======== TASK MATERIAL

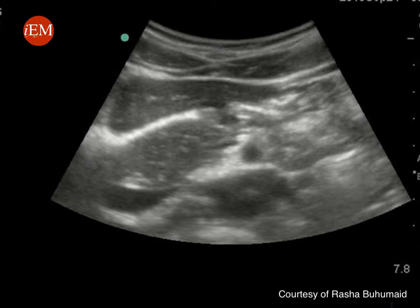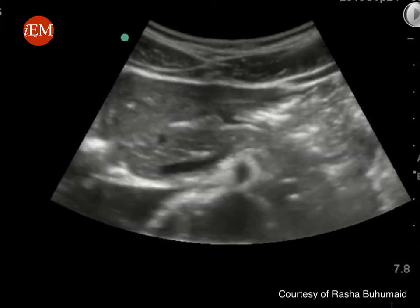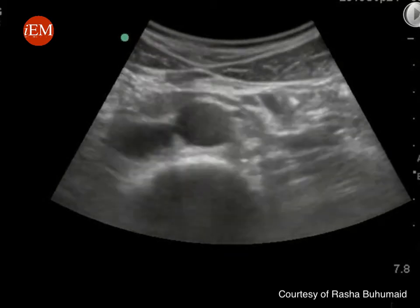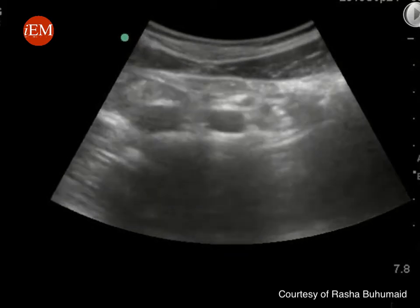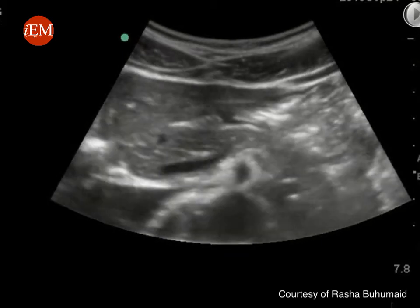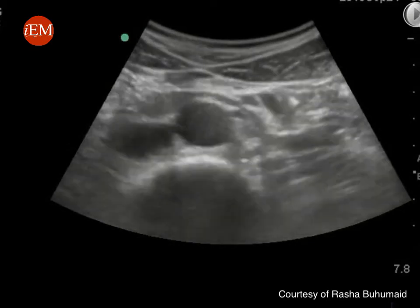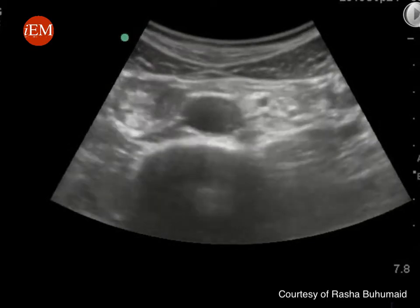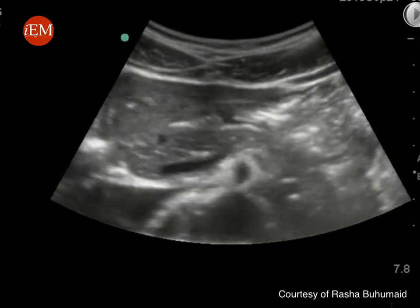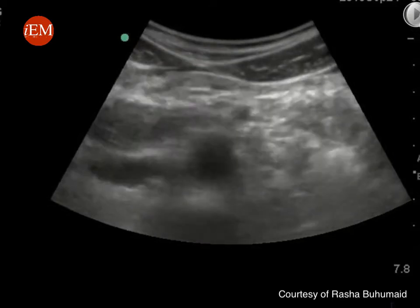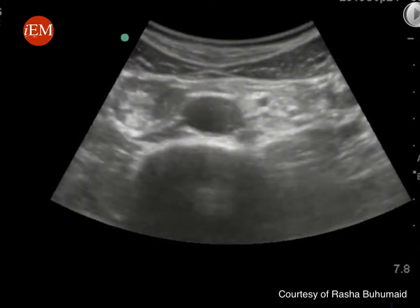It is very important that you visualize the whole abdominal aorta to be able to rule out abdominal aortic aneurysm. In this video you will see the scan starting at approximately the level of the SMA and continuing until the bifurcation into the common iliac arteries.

================
======== TASK MATERIAL

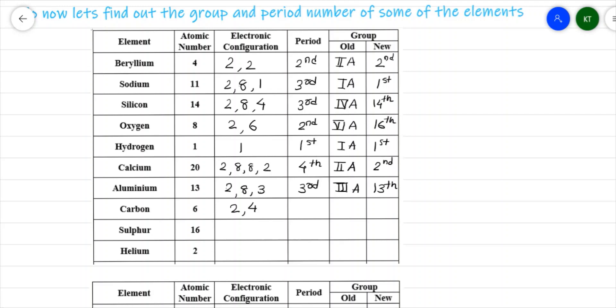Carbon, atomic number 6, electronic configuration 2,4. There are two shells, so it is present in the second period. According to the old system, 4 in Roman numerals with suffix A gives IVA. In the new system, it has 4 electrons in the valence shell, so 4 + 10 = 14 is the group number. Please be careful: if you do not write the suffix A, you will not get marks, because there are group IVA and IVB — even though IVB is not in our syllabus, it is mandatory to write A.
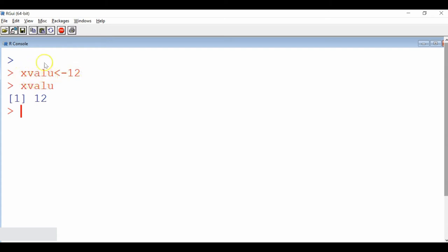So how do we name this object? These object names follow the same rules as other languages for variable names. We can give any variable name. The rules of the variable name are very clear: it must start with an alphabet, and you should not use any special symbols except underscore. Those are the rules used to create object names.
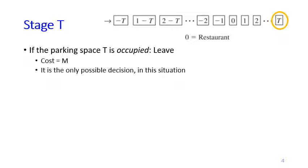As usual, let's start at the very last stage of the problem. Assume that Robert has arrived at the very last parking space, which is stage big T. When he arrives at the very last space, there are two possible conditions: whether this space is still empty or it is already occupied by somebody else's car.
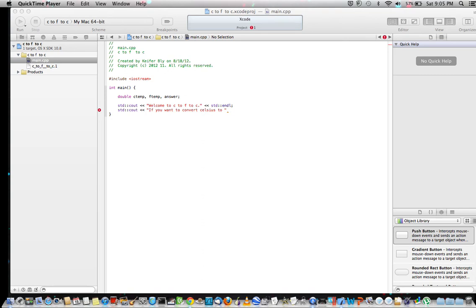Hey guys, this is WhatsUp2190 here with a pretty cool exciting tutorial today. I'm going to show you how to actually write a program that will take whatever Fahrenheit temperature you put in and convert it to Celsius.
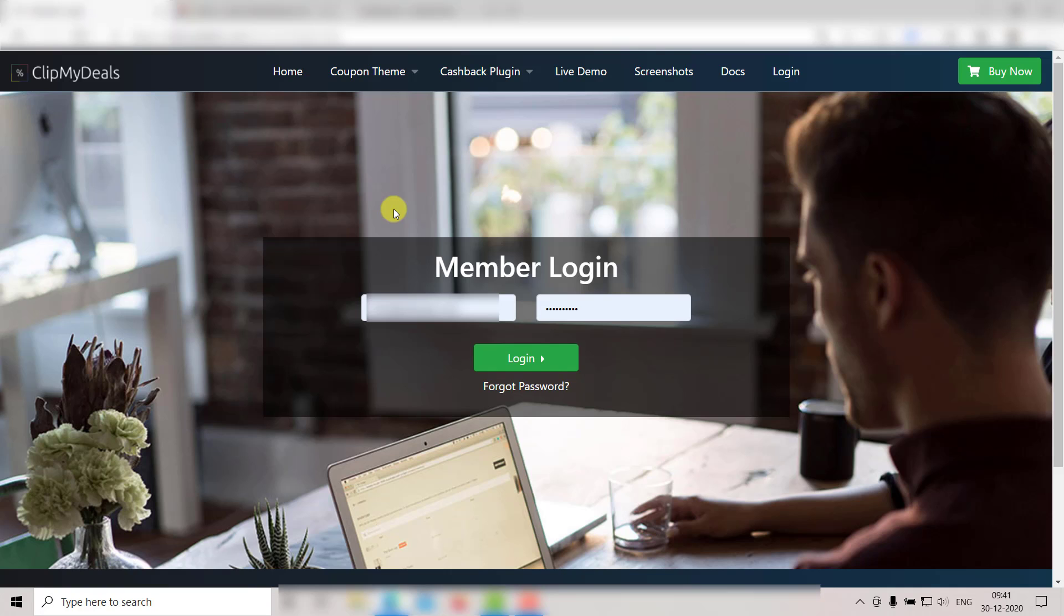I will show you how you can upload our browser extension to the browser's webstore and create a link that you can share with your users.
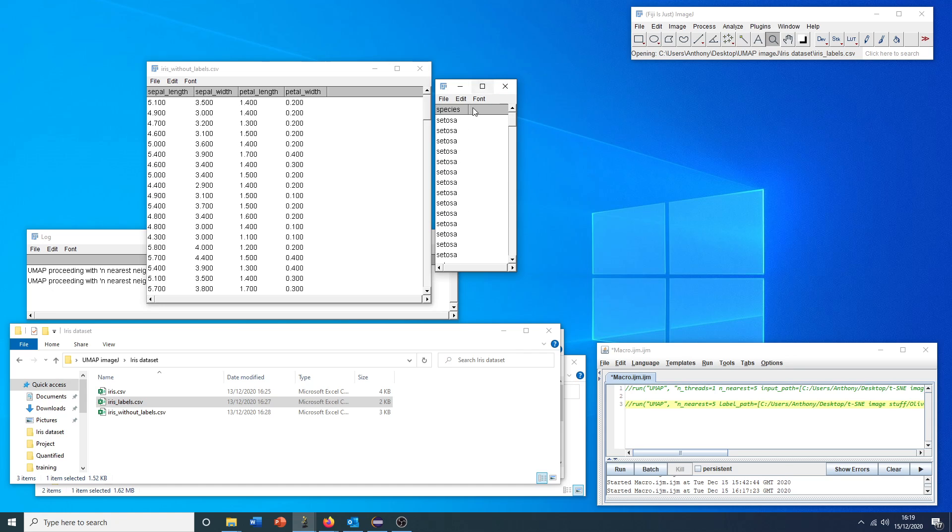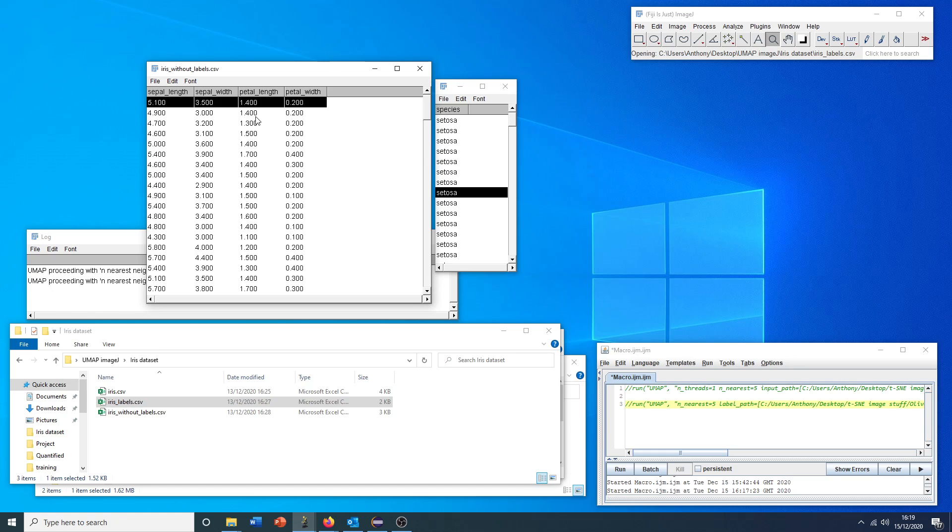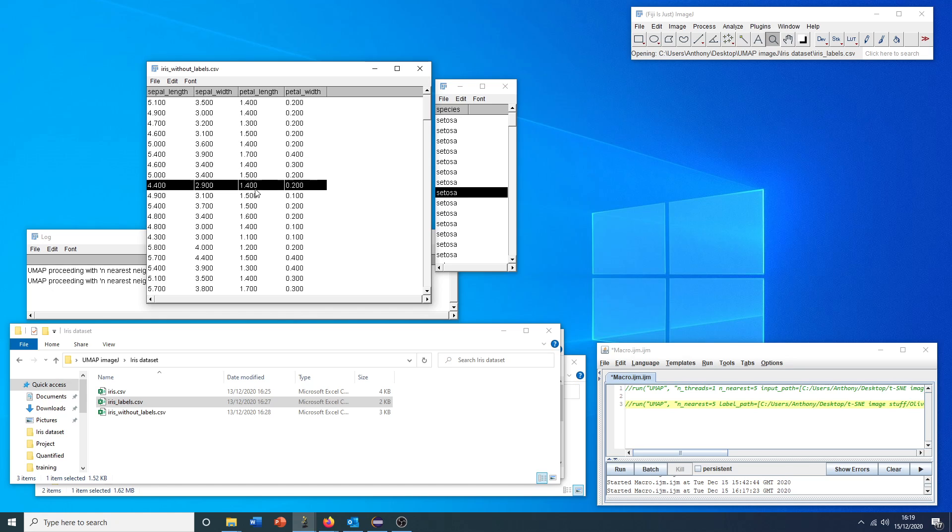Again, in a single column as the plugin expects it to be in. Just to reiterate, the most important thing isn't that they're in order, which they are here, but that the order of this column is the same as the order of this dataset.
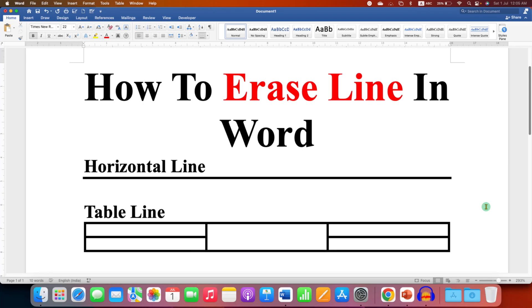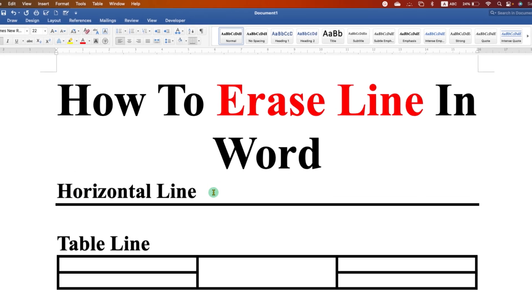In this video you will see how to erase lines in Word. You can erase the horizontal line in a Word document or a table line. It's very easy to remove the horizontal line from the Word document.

================
======== TASK MATERIAL

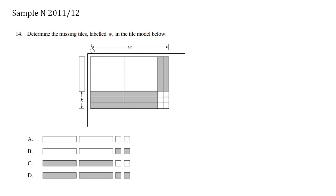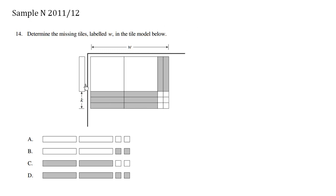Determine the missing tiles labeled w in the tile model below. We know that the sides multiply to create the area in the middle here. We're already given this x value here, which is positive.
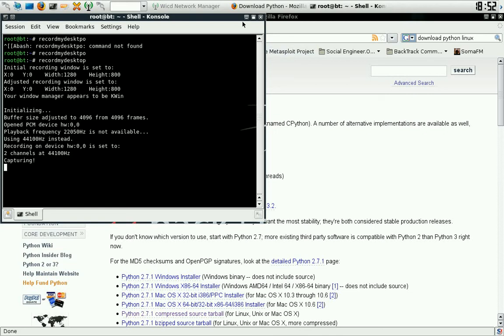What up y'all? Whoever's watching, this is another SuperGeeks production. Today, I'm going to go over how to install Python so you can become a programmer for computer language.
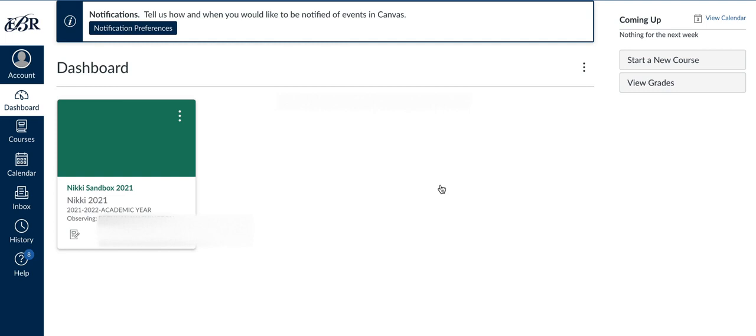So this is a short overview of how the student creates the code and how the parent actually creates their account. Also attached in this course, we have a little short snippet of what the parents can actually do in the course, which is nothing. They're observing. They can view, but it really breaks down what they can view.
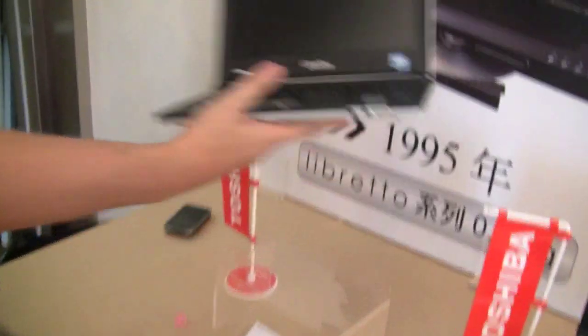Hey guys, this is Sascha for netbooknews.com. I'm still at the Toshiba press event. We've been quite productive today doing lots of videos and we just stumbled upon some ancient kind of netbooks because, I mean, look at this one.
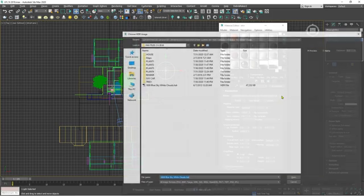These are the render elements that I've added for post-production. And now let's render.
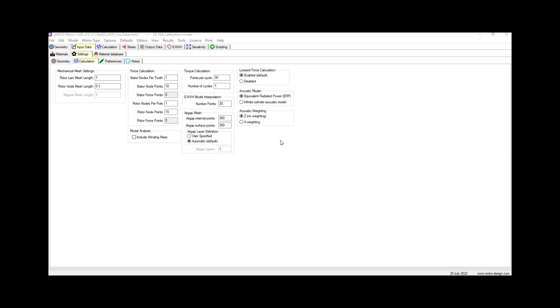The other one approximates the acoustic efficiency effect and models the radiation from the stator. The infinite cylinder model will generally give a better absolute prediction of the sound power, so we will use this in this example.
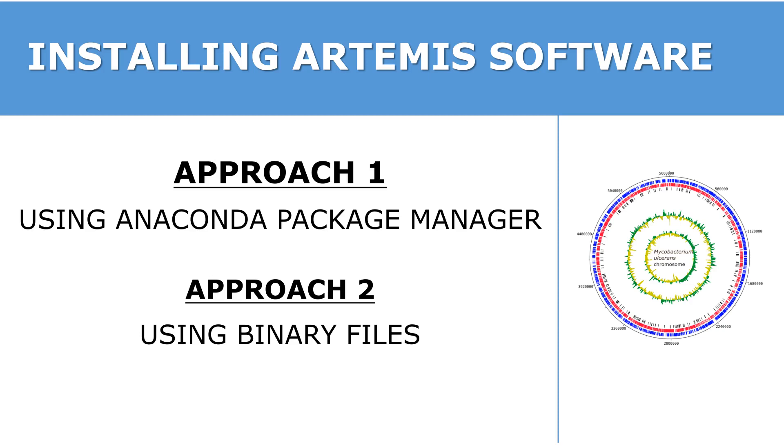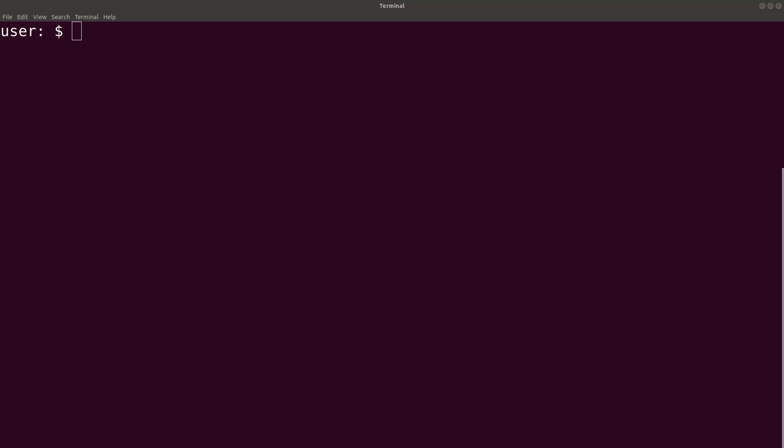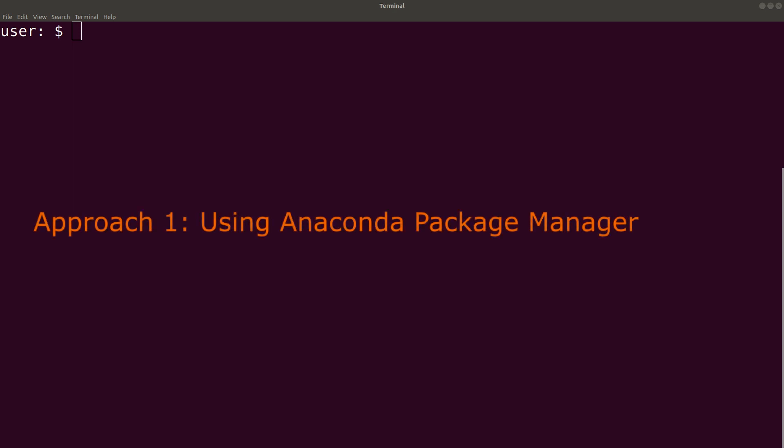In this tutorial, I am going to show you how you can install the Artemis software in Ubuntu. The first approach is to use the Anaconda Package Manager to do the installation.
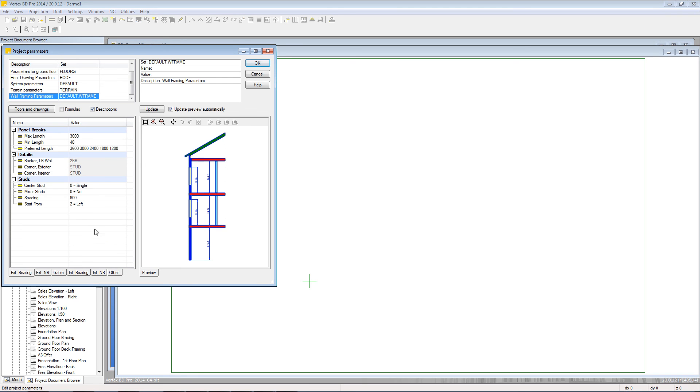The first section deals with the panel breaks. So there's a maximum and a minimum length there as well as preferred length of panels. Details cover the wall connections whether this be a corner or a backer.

================

Once the line with "These are the" is found above, transcribe each line from it through the line with "The first section", exactly, and omit the pictures.

These are the render elements that I've added for post-production. And now let's render.
The other one approximates the acoustic efficiency effect and models the radiation from the stator. The infinite cylinder model will generally give a better absolute prediction of the sound power, so we will use this in this example.
In this tutorial, I am going to show you how you can install the Artemis software in Ubuntu. The first approach is to use the Anaconda Package Manager to do the installation.
The first section deals with the panel breaks. So there's a maximum and a minimum length there as well as preferred length of panels. Details cover the wall connections whether this be a corner or a backer.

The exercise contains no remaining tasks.